→ WHAT YOU HAVE TO DO:
Quote the records in full and leave their pictures out.

(Excerpts from a dataset)
__________
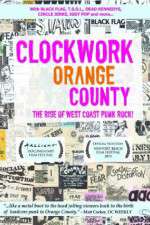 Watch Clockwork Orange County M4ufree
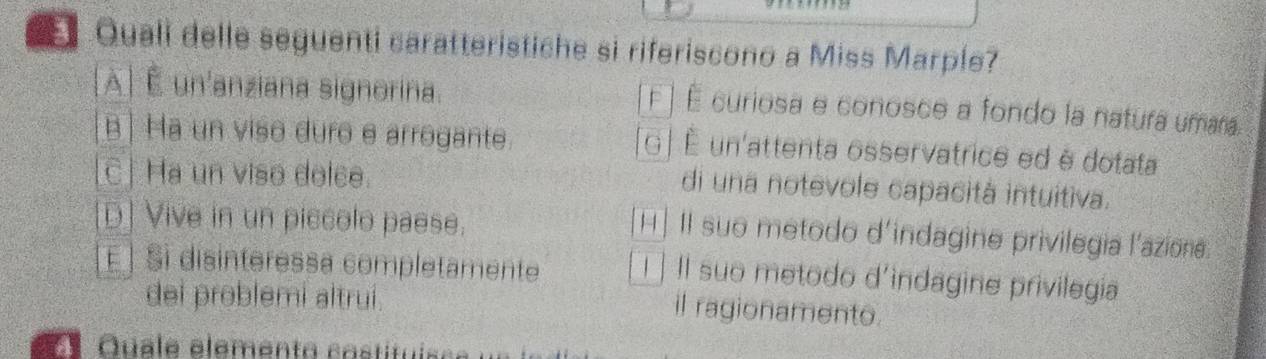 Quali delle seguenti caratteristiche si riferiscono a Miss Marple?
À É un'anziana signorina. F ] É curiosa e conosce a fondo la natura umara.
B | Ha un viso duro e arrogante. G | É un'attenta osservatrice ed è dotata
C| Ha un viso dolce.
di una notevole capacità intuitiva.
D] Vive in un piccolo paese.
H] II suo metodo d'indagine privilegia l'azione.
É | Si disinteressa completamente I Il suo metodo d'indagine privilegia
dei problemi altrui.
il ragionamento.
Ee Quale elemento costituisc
__________
→ RESPONSE:
 Watch Clockwork Orange County M4ufree
 Quali delle seguenti caratteristiche si riferiscono a Miss Marple?
À É un'anziana signorina. F ] É curiosa e conosce a fondo la natura umara.
B | Ha un viso duro e arrogante. G | É un'attenta osservatrice ed è dotata
C| Ha un viso dolce.
di una notevole capacità intuitiva.
D] Vive in un piccolo paese.
H] II suo metodo d'indagine privilegia l'azione.
É | Si disinteressa completamente I Il suo metodo d'indagine privilegia
dei problemi altrui.
il ragionamento.
Ee Quale elemento costituisc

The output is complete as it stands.